%%

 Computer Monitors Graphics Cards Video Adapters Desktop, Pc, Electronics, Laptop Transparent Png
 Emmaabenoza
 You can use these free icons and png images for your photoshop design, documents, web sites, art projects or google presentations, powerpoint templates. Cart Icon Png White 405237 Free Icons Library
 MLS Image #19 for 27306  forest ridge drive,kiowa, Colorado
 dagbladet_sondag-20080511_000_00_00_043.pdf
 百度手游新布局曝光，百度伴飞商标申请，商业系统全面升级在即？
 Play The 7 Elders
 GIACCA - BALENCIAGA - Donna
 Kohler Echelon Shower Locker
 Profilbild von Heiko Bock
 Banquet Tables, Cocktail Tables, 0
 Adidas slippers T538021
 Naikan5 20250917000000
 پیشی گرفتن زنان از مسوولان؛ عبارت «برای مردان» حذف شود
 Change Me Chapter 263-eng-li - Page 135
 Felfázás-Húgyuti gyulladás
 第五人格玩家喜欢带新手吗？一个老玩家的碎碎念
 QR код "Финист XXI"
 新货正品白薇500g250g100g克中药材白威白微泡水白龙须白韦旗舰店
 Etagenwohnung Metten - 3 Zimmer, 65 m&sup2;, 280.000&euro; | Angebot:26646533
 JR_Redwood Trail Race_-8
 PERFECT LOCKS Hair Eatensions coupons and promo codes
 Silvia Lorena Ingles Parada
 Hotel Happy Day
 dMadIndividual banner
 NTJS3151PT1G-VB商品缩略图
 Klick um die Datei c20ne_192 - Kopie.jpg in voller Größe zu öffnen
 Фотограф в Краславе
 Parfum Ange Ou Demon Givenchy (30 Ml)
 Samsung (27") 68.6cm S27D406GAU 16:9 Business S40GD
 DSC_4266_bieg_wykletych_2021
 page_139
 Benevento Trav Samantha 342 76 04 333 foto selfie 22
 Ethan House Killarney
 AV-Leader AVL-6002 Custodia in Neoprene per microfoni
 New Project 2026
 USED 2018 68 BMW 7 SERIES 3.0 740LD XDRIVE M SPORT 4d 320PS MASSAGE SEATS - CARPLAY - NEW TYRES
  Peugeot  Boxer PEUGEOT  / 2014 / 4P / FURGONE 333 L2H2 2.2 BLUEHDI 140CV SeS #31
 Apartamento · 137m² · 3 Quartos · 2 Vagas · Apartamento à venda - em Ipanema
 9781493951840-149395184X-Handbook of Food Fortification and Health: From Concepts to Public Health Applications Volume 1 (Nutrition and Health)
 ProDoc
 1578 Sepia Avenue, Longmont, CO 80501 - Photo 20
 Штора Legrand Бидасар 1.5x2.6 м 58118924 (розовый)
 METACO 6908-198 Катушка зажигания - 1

%%

**Task**
Every line in the data above has to be retyped exactly.

**Your response**
 Computer Monitors Graphics Cards Video Adapters Desktop, Pc, Electronics, Laptop Transparent Png
 Emmaabenoza
 You can use these free icons and png images for your photoshop design, documents, web sites, art projects or google presentations, powerpoint templates. Cart Icon Png White 405237 Free Icons Library
 MLS Image #19 for 27306  forest ridge drive,kiowa, Colorado
 dagbladet_sondag-20080511_000_00_00_043.pdf
 百度手游新布局曝光，百度伴飞商标申请，商业系统全面升级在即？
 Play The 7 Elders
 GIACCA - BALENCIAGA - Donna
 Kohler Echelon Shower Locker
 Profilbild von Heiko Bock
 Banquet Tables, Cocktail Tables, 0
 Adidas slippers T538021
 Naikan5 20250917000000
 پیشی گرفتن زنان از مسوولان؛ عبارت «برای مردان» حذف شود
 Change Me Chapter 263-eng-li - Page 135
 Felfázás-Húgyuti gyulladás
 第五人格玩家喜欢带新手吗？一个老玩家的碎碎念
 QR код "Финист XXI"
 新货正品白薇500g250g100g克中药材白威白微泡水白龙须白韦旗舰店
 Etagenwohnung Metten - 3 Zimmer, 65 m&sup2;, 280.000&euro; | Angebot:26646533
 JR_Redwood Trail Race_-8
 PERFECT LOCKS Hair Eatensions coupons and promo codes
 Silvia Lorena Ingles Parada
 Hotel Happy Day
 dMadIndividual banner
 NTJS3151PT1G-VB商品缩略图
 Klick um die Datei c20ne_192 - Kopie.jpg in voller Größe zu öffnen
 Фотограф в Краславе
 Parfum Ange Ou Demon Givenchy (30 Ml)
 Samsung (27") 68.6cm S27D406GAU 16:9 Business S40GD
 DSC_4266_bieg_wykletych_2021
 page_139
 Benevento Trav Samantha 342 76 04 333 foto selfie 22
 Ethan House Killarney
 AV-Leader AVL-6002 Custodia in Neoprene per microfoni
 New Project 2026
 USED 2018 68 BMW 7 SERIES 3.0 740LD XDRIVE M SPORT 4d 320PS MASSAGE SEATS - CARPLAY - NEW TYRES
  Peugeot  Boxer PEUGEOT  / 2014 / 4P / FURGONE 333 L2H2 2.2 BLUEHDI 140CV SeS #31
 Apartamento · 137m² · 3 Quartos · 2 Vagas · Apartamento à venda - em Ipanema
 9781493951840-149395184X-Handbook of Food Fortification and Health: From Concepts to Public Health Applications Volume 1 (Nutrition and Health)
 ProDoc
 1578 Sepia Avenue, Longmont, CO 80501 - Photo 20
 Штора Legrand Бидасар 1.5x2.6 м 58118924 (розовый)
 METACO 6908-198 Катушка зажигания - 1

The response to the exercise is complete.